De monótona, a narrativa passa a ser repleta de aflição e angustia.

Anos vão se passando, junto com eles a juventude do nosso protagonista. Longe do forte, e da narrativa, a vida vai passando, e durante uma licença, Drogo volta para casa. Ao chegar e se deparar com uma rotina diferente, pessoas mudadas, amigos desconhecidos, Giovanni se convence que todos mudaram, mas ele continuava o mesmo. Pois claro, a passagem do tempo não fora percebida. É nesse ponto da vida que as oportunidades começam a chegar e irem embora.


A falta de coragem, a demora nas tomadas de decisões e o conformismo passam a acompanhar a vida no forte. Seguindo a mesma rotina durante gerações, o forte cada vez mais se parece com uma prisão. Toda aquela

esperança e expectativa começam a sumir de Drogo. Entretanto, com medo de não estar presente no momento da guerra, e até mesmo por estar em sua zona de conforto, é impossível pedir despensa ou, simplesmente ir embora.


É impossível não se identificar, com as personagens em algumas passagens do livro. Quantas vezes, por falta de segurança, por medo de mudanças e outras mil razões deixamos oportunidades passarem? E quantas vezes não nos pegamos pensando em realidades paralelas? “Como estaria hoje se eu tivesse escolhido diferente?” “Por que não fiz aquilo?”


Neste livro, o italiano Dino Buzzati brinca, de uma forma muito realista, com a vida real. Se arrasta por algumas páginas, do mesmo modo que os dias se arrastam durante os tempos maus, quando nos falta energia e alegria. E, sem mudar o estilo da escrita, capítulos voam do mesmo jeito que anos se passam sem que notemos, e, quando olhamos para trás, se foram embora sem serem vividos. Angustia e solidão são assuntos presentes em quase todas as páginas, principalmente quando Drogo percebe que o mundo fora do forte já lhe é estranho, e, assim, sem se adaptar novamente à vida de civil, lhe resta o confinamento no lugar que há muito tempo passou a desprezar.

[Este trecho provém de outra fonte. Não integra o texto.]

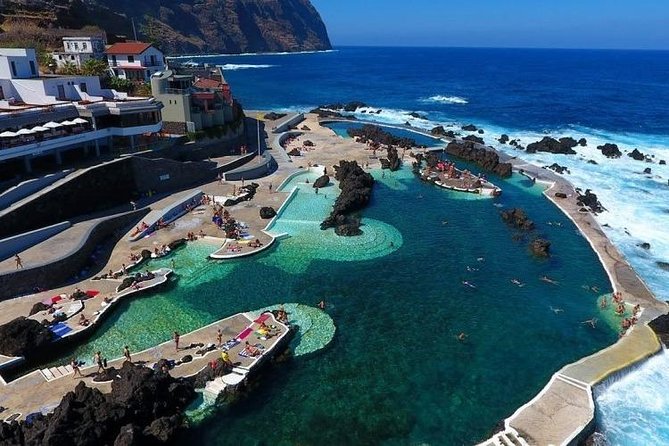 Super Pack - 3 Days Around Madeira - Tour Inclusions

Em suas últimas páginas, Buzzati e Drogo demonstram como a vida pode ser decepcionante e repleta de indignação.


DINO BUZZATI:


San Pellegrino di Belluno, 16 outubro de 1906 – Milão, 28 janeiro de 1972



Escritor, jornalista, pintor, dramaturgo cenógrafo, figurinista e poeta italiano. Trabalhou quase toda a vida no jornal Corriere della Sera como cronista, redator e correspondente especial. Autor de um grande número de romances e contos, pode ser comparado a Kafka (mais para diferenciá-los do que os aproximar). Publicou Bàrnabo delle montagne (O Barnabo das montanhas), seu primeiro romance em 1933; e em 1935 Il segreto del Bosco Vecchio (O segredo do Bosque Velho). O deserto dos Tártaros veio a ser publicado em 1940. Como pintor ilustrou alguns de seus livros, e declarou que era “um pintor que, por hobby, durante um período, infelizmente bastante longo, fez-se escritor e jornalista”. Assim, justificou porque seus quadros não eram levados a sério.